The remaining money Louisiana received from lawsuits against tobacco companies will now be going towards funding the TOPS scholarship program.

Louisiana is one of many states that received money in 1998 after lawsuits were filed against tobacco companies because of smoker deaths and health costs. In 2001, the Tobacco Settlement Board voted to sell 60 percent of the money received from the lawsuit in bonds, which generated $1.6 billion to go towards health costs, education programs and TOPS.

On Tuesday, the board voted 12-1 to sell the remainder of the lawsuit in bonds.

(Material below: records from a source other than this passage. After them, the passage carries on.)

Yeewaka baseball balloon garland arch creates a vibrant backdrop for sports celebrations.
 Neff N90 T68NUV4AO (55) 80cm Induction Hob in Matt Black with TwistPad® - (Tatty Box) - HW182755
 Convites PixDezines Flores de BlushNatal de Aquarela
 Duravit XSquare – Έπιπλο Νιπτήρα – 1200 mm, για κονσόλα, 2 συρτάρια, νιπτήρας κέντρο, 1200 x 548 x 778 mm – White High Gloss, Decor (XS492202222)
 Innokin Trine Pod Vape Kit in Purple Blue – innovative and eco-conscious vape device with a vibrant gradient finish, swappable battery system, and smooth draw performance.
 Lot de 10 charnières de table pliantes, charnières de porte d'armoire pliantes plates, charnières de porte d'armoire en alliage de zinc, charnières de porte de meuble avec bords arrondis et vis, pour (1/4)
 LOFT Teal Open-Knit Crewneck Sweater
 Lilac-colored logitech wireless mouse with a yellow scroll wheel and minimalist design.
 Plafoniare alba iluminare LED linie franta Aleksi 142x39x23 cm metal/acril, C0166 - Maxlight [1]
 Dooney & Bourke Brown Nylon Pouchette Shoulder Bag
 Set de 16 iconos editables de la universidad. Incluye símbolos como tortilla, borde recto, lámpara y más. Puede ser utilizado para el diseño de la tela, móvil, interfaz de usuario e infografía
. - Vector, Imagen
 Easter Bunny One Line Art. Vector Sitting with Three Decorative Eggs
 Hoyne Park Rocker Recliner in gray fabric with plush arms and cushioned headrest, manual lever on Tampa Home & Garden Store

The board estimates this move will generate about $750 million to go towards TOPS.

But not everyone supported of the decision.

From the moment the meeting started, state Treasurer John Kennedy voiced his opposition.

"You dangle $700 million in front of the Legislature right now and it will be spent as fast as green grass through a goose," Kennedy said.

Kennedy said he worries the money will end up going towards Medicaid, but state Commissioner of Administration Kristy Nichols, Gov. Bobby Jindal's top economic adviser, tried to assuage his fears.

"The Constitution provides that if we sell these bonds, that revenue has got to go to TOPS," Nichols said.

Many on the board said the decision is crucial before tobacco companies run out of money.

"There is risk with the consumption of tobacco going down," Nichols said. "That effectively puts our revenue stream that comes from the tobacco companies at risk."

Kennedy said he understands the risk, but still feels this is too rushed.

"I'm not against settling the income strain, I just want more time to study it," Kennedy said.

This decision is not set in stone yet. The sale has to be approved by the state bond commission. From there it goes to the Legislature and then, if approved, it goes back to the board for final resolutions.